WHAT THE EXERCISE ASKS:
A faithful repeat of all the records, with no image kept, is the required answer.

RECORDS TO USE:
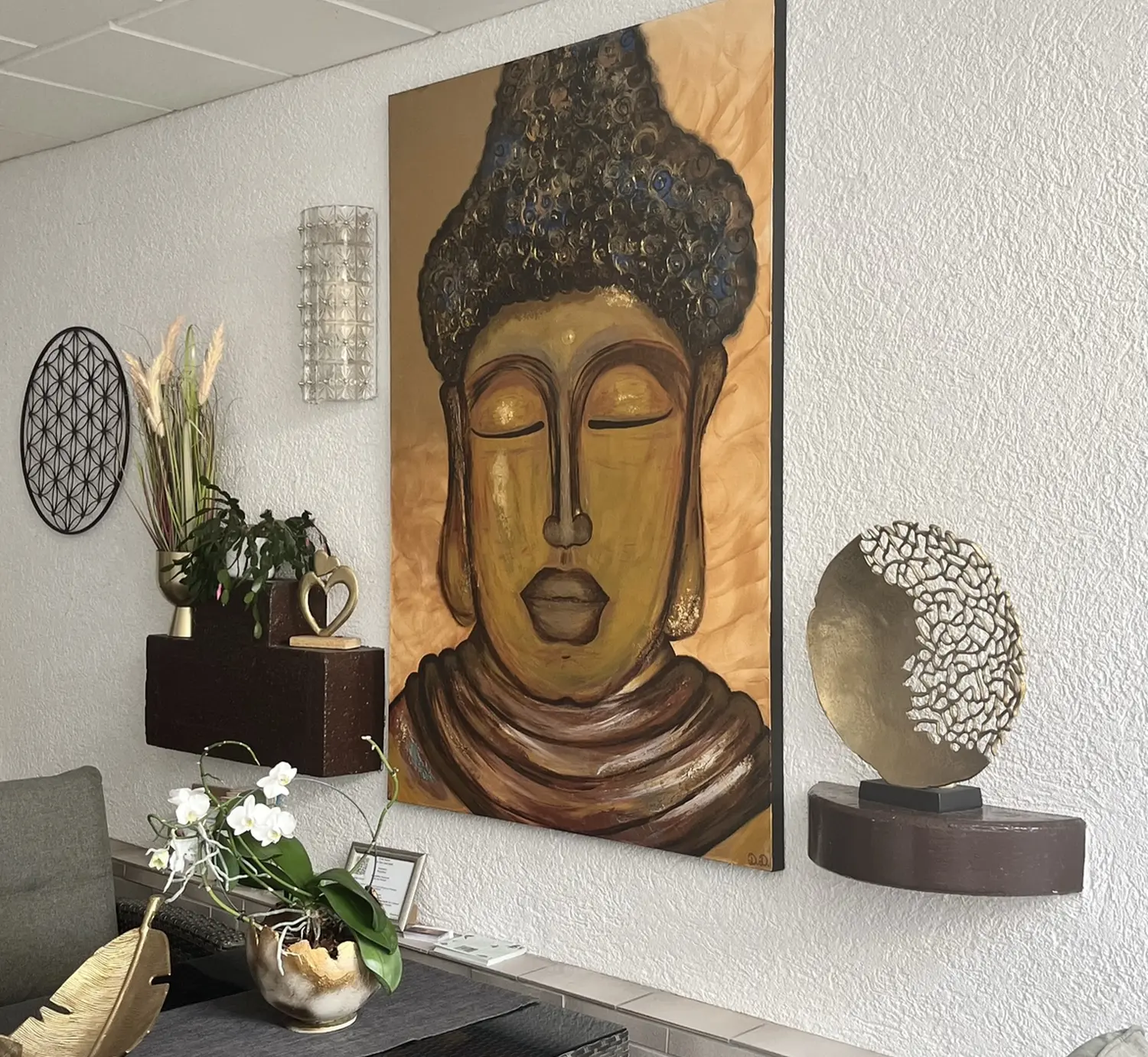 Nadine Schmidt - Naturheilpraxis, Budda Wandmalerei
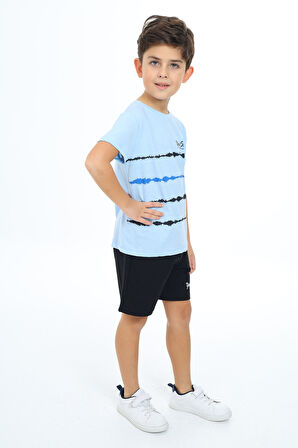 Toontoy Erkek Çocuk Baskılı Şortlu Takım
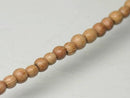 TOKO-BEADS PW309-01N Wooden bead (strand) 3mm PW309-01N ウッドビーズ（連） 3mm Asian bead & African bead  Handmade,Lampeork,bead,asia,india,ethnic,parts,accessory,beads とんぼ玉,ビーズ,トンボ玉,アジア,インド,エスニック,手作り,パーツ,アクセサリー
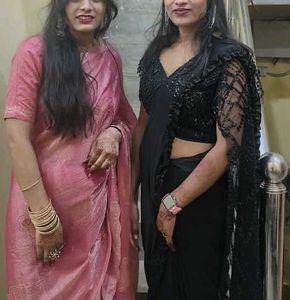 Elegant Black Embellished party wear saree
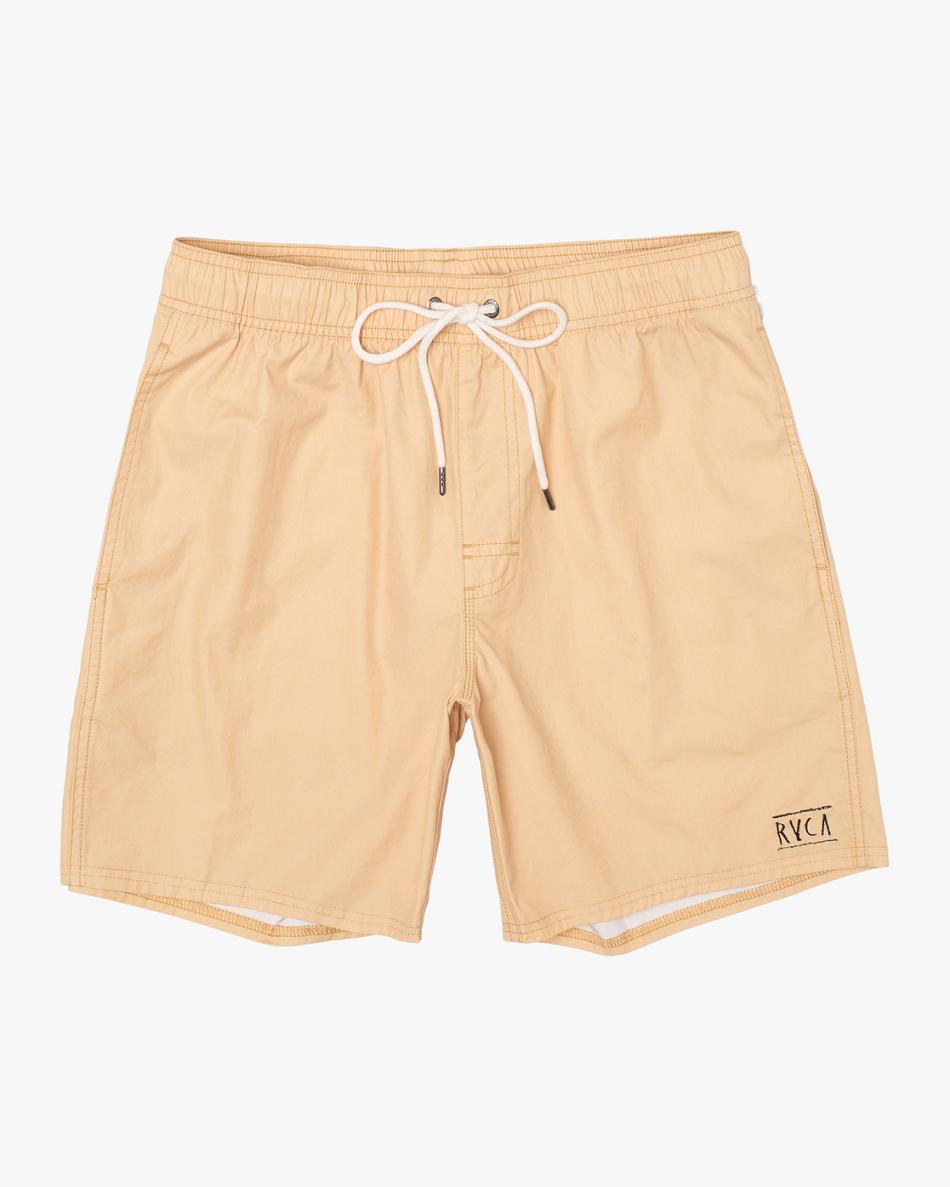 Pantalones Cortos Rvca Opposites Elastic 2 17 Hombre Tangerine | COCIF29097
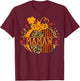 Mamaw Leopard Floral Pumpkin Fall Autumn Thanksgiving T-Shirt - T-Shirt | Maroon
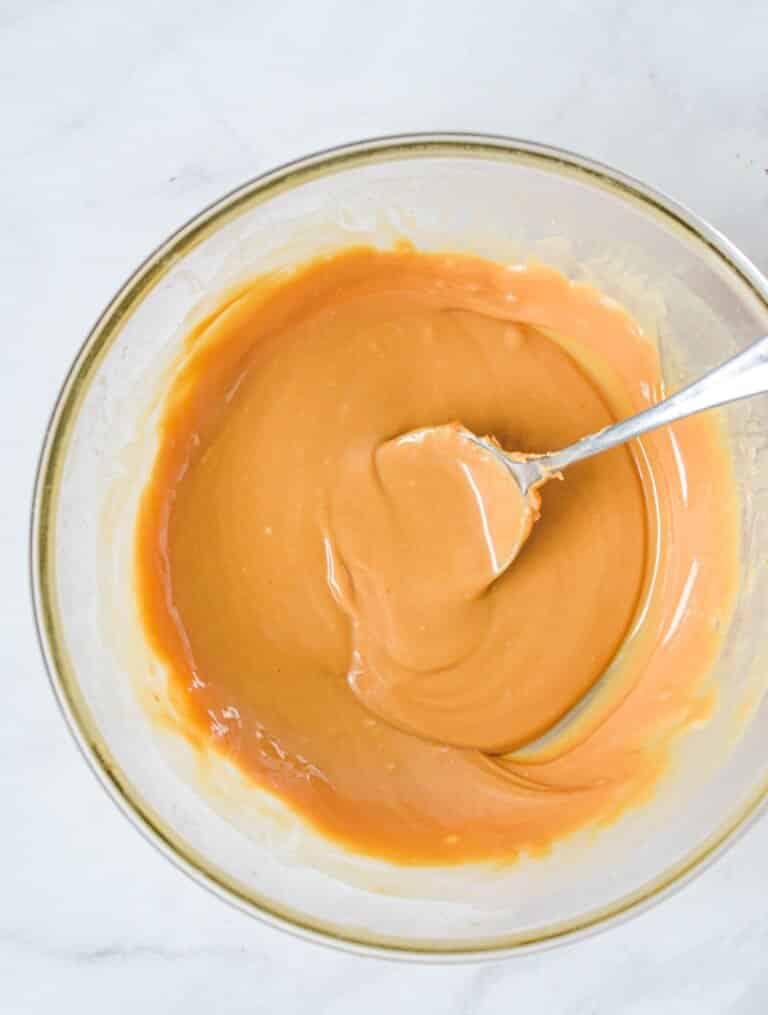 melted-peanut-butter-in-bowl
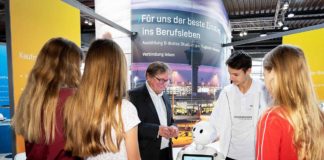 Ausbildungsmesse "Berufsfit" am Flughafen München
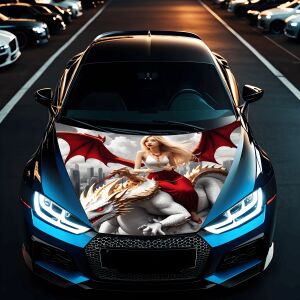 "Hood Art" autótetőfólia, kültéri használatra, S méret (150 x 110cm) - Kód: AVX-CAPOTA-009S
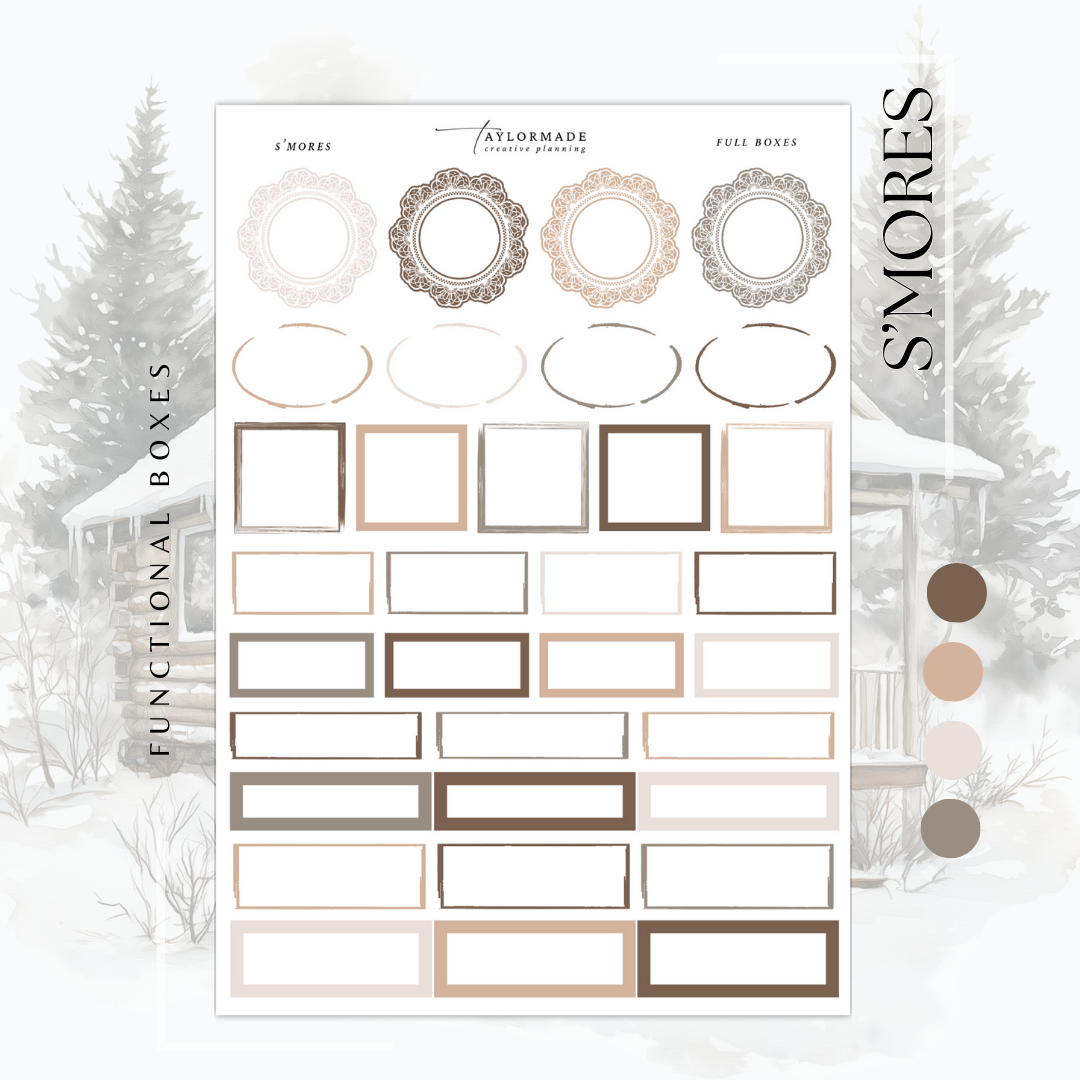 S'mores Weekly Kit -  Gold Foil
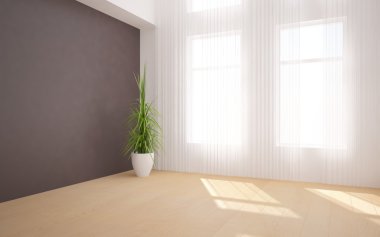 Modern 3d iç tasarım-3d render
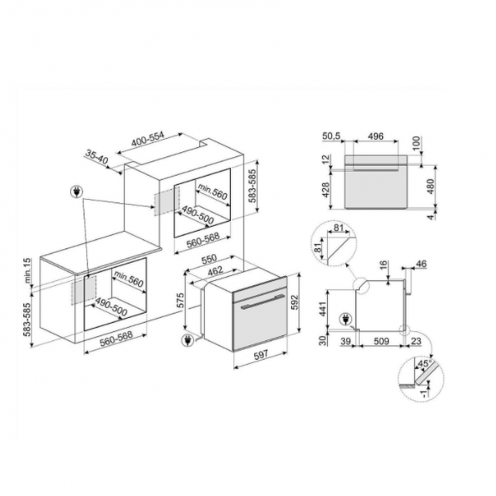 Духовой шкаф Smeg SO6101S2B3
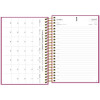 AGENDA ESPIRAL NAPOLI FEMININA M5 TILIBRA 2026 - REF. 145530 - PACOTE COM 5 UNIDADES
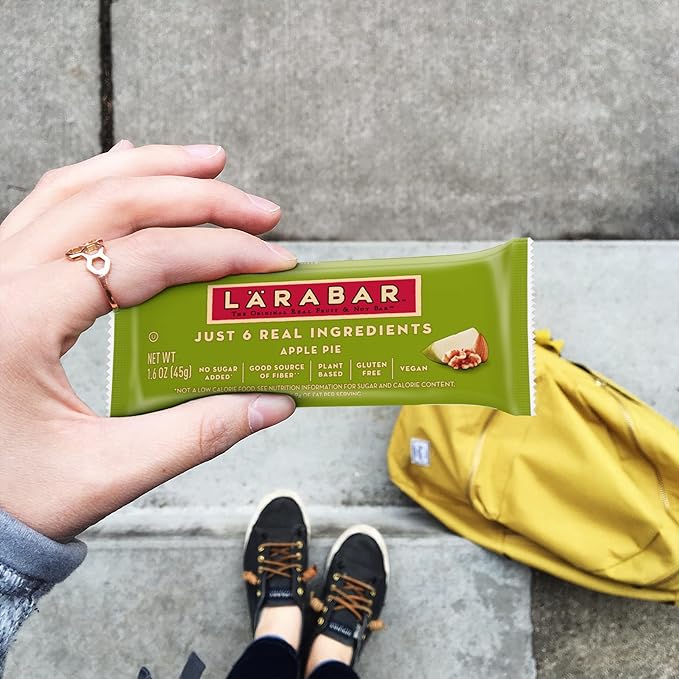 Larabar Apple Pie Gluten Free Vegan Fruit &amp Nut Bar 1.6 oz Bars 16 Ct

COMPLETED TASK:
 Nadine Schmidt - Naturheilpraxis, Budda Wandmalerei
 Toontoy Erkek Çocuk Baskılı Şortlu Takım
 TOKO-BEADS PW309-01N Wooden bead (strand) 3mm PW309-01N ウッドビーズ（連） 3mm Asian bead & African bead  Handmade,Lampeork,bead,asia,india,ethnic,parts,accessory,beads とんぼ玉,ビーズ,トンボ玉,アジア,インド,エスニック,手作り,パーツ,アクセサリー
 Elegant Black Embellished party wear saree
 Pantalones Cortos Rvca Opposites Elastic 2 17 Hombre Tangerine | COCIF29097
 Mamaw Leopard Floral Pumpkin Fall Autumn Thanksgiving T-Shirt - T-Shirt | Maroon
 melted-peanut-butter-in-bowl
 Ausbildungsmesse "Berufsfit" am Flughafen München
 "Hood Art" autótetőfólia, kültéri használatra, S méret (150 x 110cm) - Kód: AVX-CAPOTA-009S
 S'mores Weekly Kit -  Gold Foil
 Modern 3d iç tasarım-3d render
 Духовой шкаф Smeg SO6101S2B3
 AGENDA ESPIRAL NAPOLI FEMININA M5 TILIBRA 2026 - REF. 145530 - PACOTE COM 5 UNIDADES
 Larabar Apple Pie Gluten Free Vegan Fruit &amp Nut Bar 1.6 oz Bars 16 Ct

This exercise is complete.